[Web page caption snippets]
BEGIN
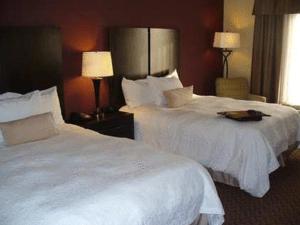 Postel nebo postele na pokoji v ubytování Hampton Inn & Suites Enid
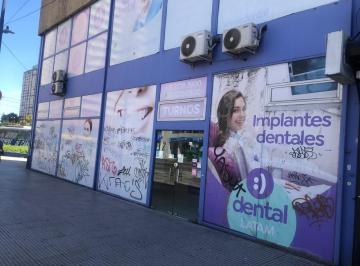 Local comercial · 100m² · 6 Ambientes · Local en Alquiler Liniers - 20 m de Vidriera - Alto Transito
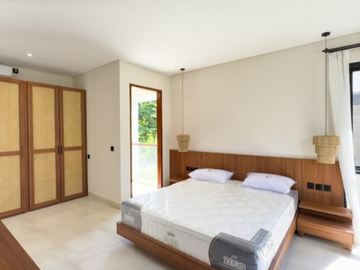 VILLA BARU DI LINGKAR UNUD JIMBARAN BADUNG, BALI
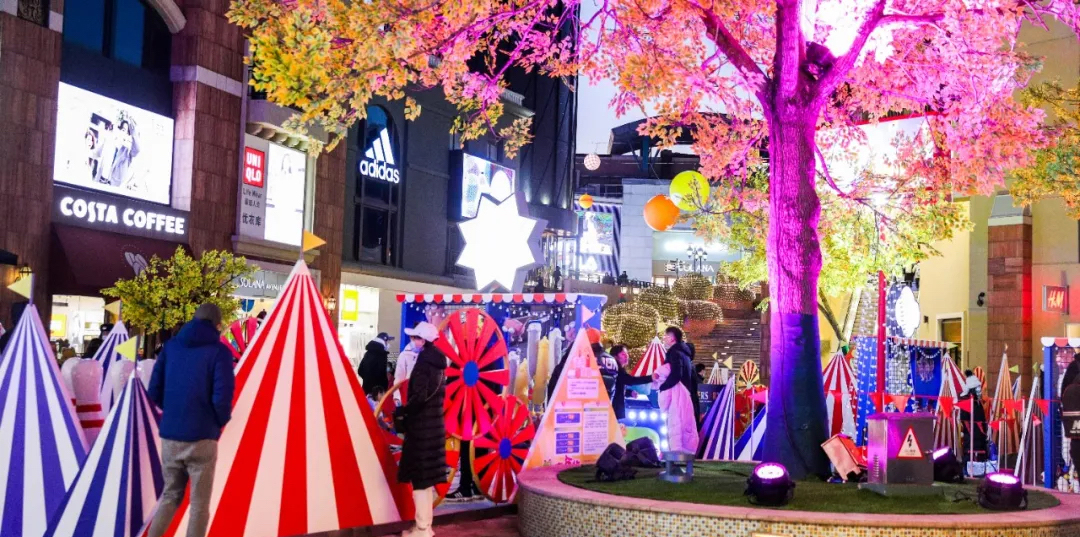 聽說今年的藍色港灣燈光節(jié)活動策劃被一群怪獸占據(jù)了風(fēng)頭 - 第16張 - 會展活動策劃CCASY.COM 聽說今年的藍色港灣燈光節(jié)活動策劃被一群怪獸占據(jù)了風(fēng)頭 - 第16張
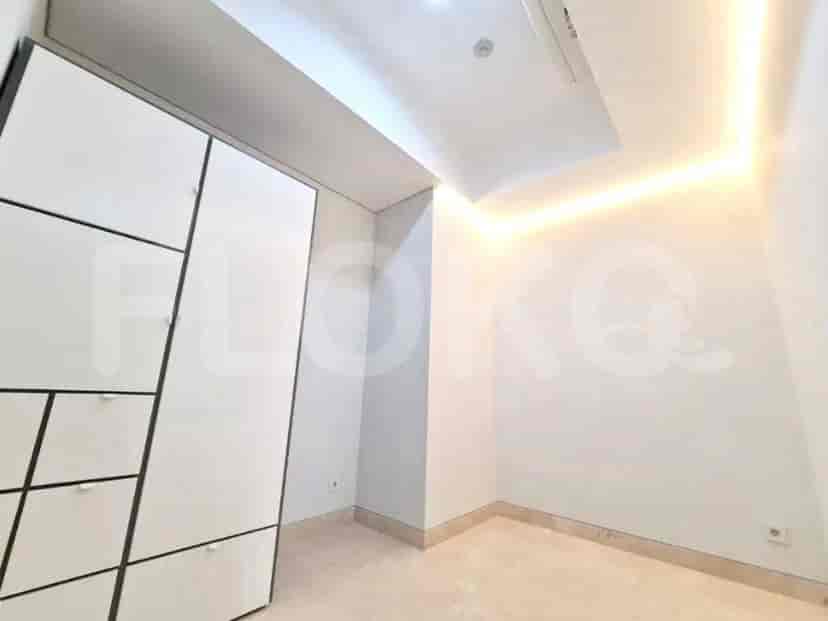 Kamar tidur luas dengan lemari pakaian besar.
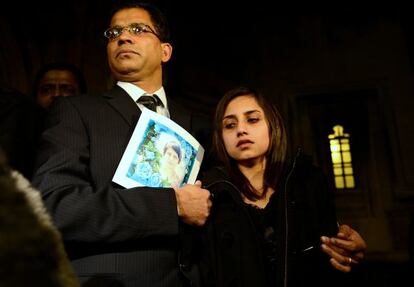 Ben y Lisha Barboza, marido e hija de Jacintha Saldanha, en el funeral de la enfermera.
END
Reproduce every entry exactly, but omit each picture.

:: COMPLETED TASK ::
 Postel nebo postele na pokoji v ubytování Hampton Inn & Suites Enid
 Local comercial · 100m² · 6 Ambientes · Local en Alquiler Liniers - 20 m de Vidriera - Alto Transito
 VILLA BARU DI LINGKAR UNUD JIMBARAN BADUNG, BALI
 聽說今年的藍色港灣燈光節(jié)活動策劃被一群怪獸占據(jù)了風(fēng)頭 - 第16張 - 會展活動策劃CCASY.COM 聽說今年的藍色港灣燈光節(jié)活動策劃被一群怪獸占據(jù)了風(fēng)頭 - 第16張
 Kamar tidur luas dengan lemari pakaian besar.
 Ben y Lisha Barboza, marido e hija de Jacintha Saldanha, en el funeral de la enfermera.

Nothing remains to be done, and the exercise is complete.